|MadSci Network: Chemistry|
You've been reading up on why glue hardens, so you probably know there are different types of glues that harden in different ways (there's an excellent summary in the Wikipedia article on adhesives). Glues work by chemical processes, and chemistry works the same in space as it does on earth. Of course, difficulties might arise when actually trying to apply a glue in space due to weightless conditions, but presuming an astronaut could brush on or somehow apply some Elmer's Glue to his space suit, the water would evaporate and the glue would harden. I should mention that I'm presuming conditions exist that would allow the water in the glue to evaporate (which you may not be able to assume in all cases). If the glue were very cold and applied to something that is also cold, you might have to expose it to the sun to heat up the glue enough that the water can evaporate. Hot adhesives and reactive adhesives should also work in space, but I can think of a couple of reasons why they might not work in all cases.
Things in space typically experience large differences in maximum and minimum temperature. This is due primarily to the lack of an atmosphere that tends to spread heat around relatively quickly. In short, the side facing the sun tends to get quite hot, while the side away from the sun tends to get quite cold. Typically satellites are rotated at a prescribed rate to keep all the parts in a reasonable temperature range, but what is reasonable for electronics and structural components might not be reasonable for a hot adhesive which will lose strength at higher temperatures and become brittle at lower ones.
For another example, consider what could happen if you tried to apply cyanoacrylate (the main ingredient in super glue) to an object in space.

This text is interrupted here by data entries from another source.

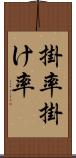 掛率 Scroll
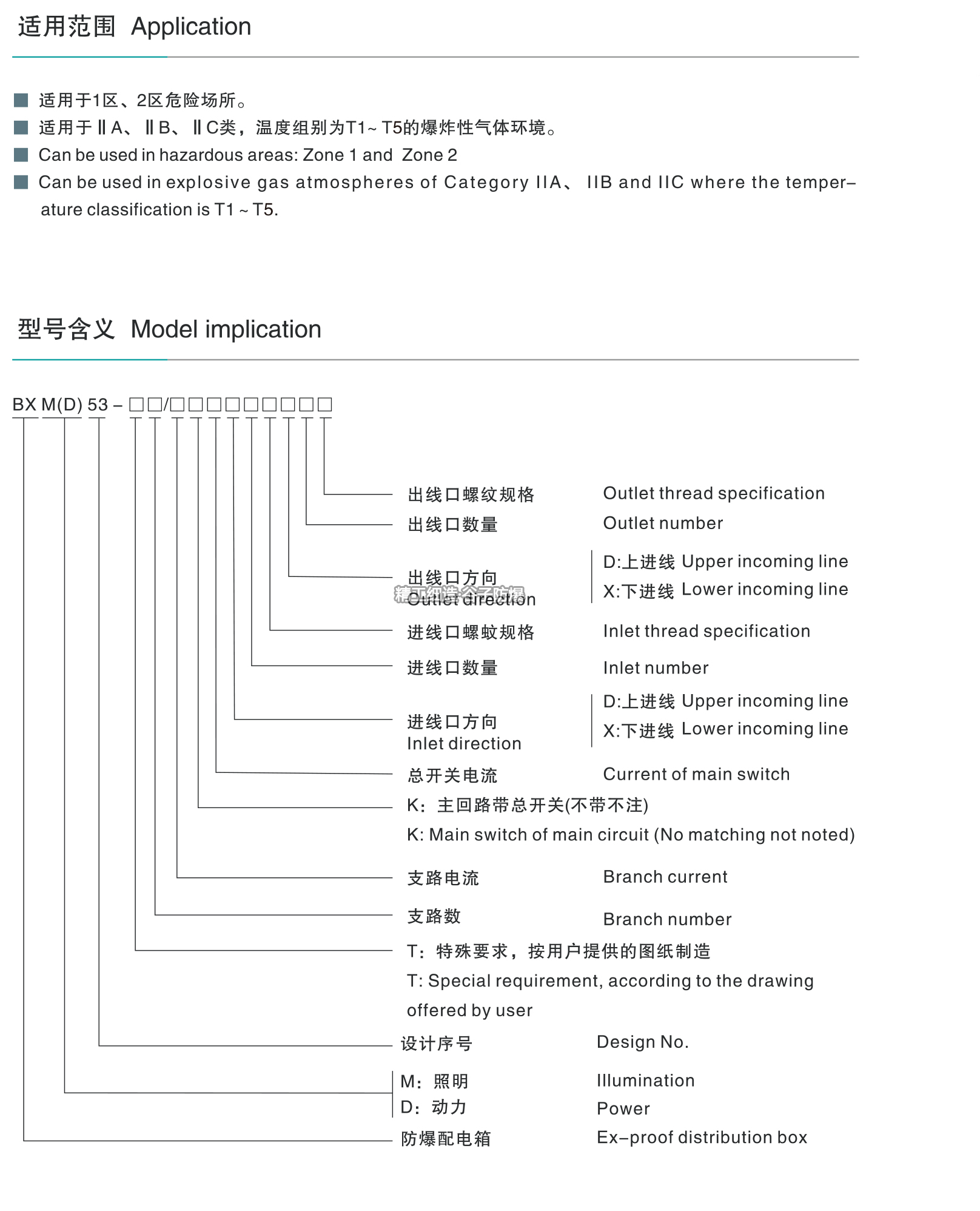 BXM(D)53防爆照明（動力）配電箱（IIC）-1.jpg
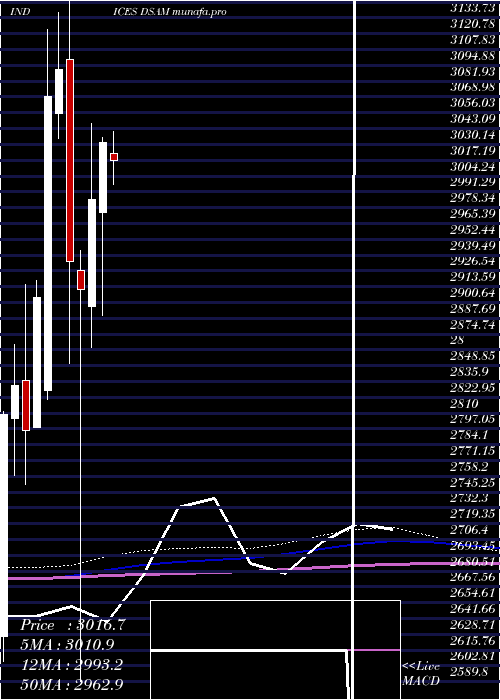 monthly chart DjUs
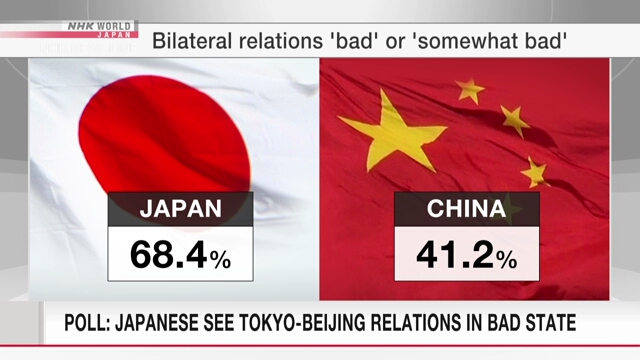 Опрос в Японии и Китае показал, что больше людей негативно воспринимают другую страну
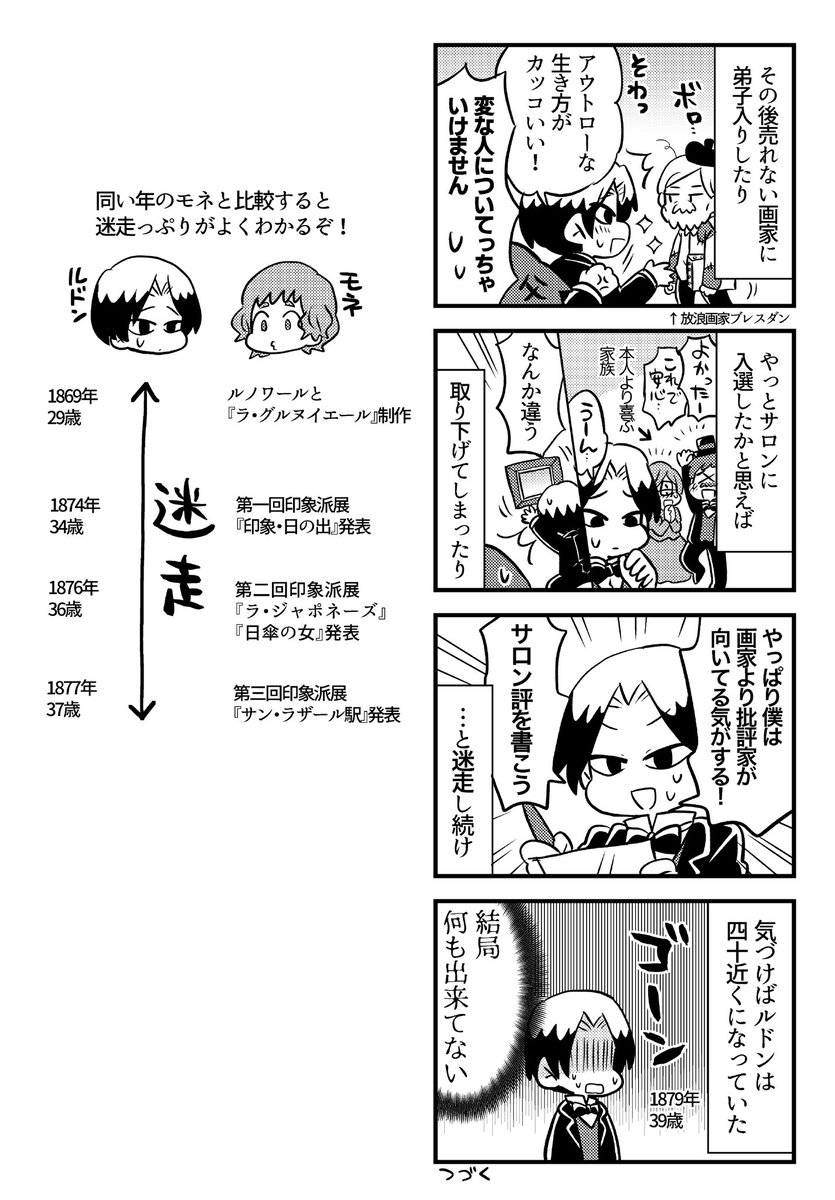 5分でわかれ!オディロン・ルドン①(2/2) 
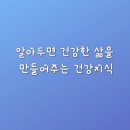복한의원 네이버블로그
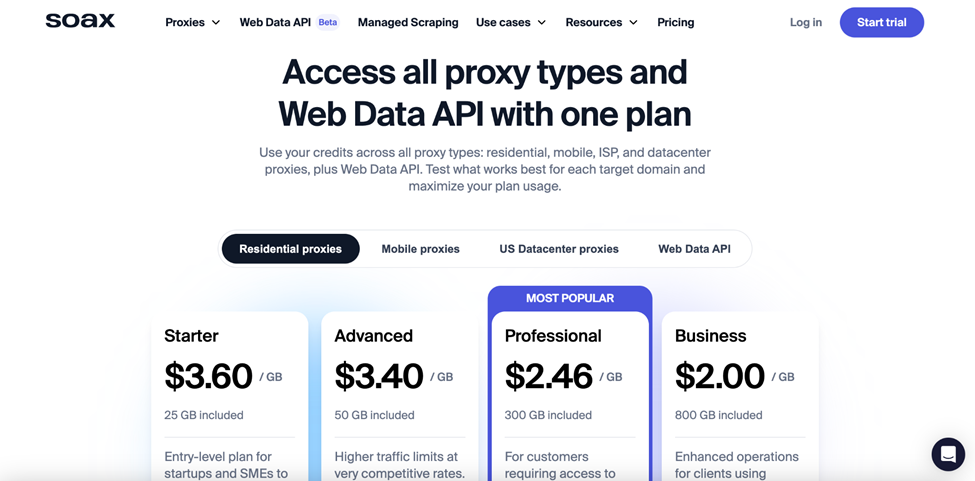 The Best Mobile Proxy Providers of 2026: A Complete List 7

It's possible you could run into a problem there that you would never run into on earth: lack of water. Cyanoacrylate hardens due to a chemical reaction with hydroxyl ions that are readily available in water, but there is no guarantee that a material in space will have even trace amounts of water on its surface.
So the short answer to your question is: yes, Elmer's glue (or any drying adhesive) could be made to work just fine in space. However, since there are many different glues with different chemical processes involved, it's impossible to make a broad generalization like "all glues will work fine in space."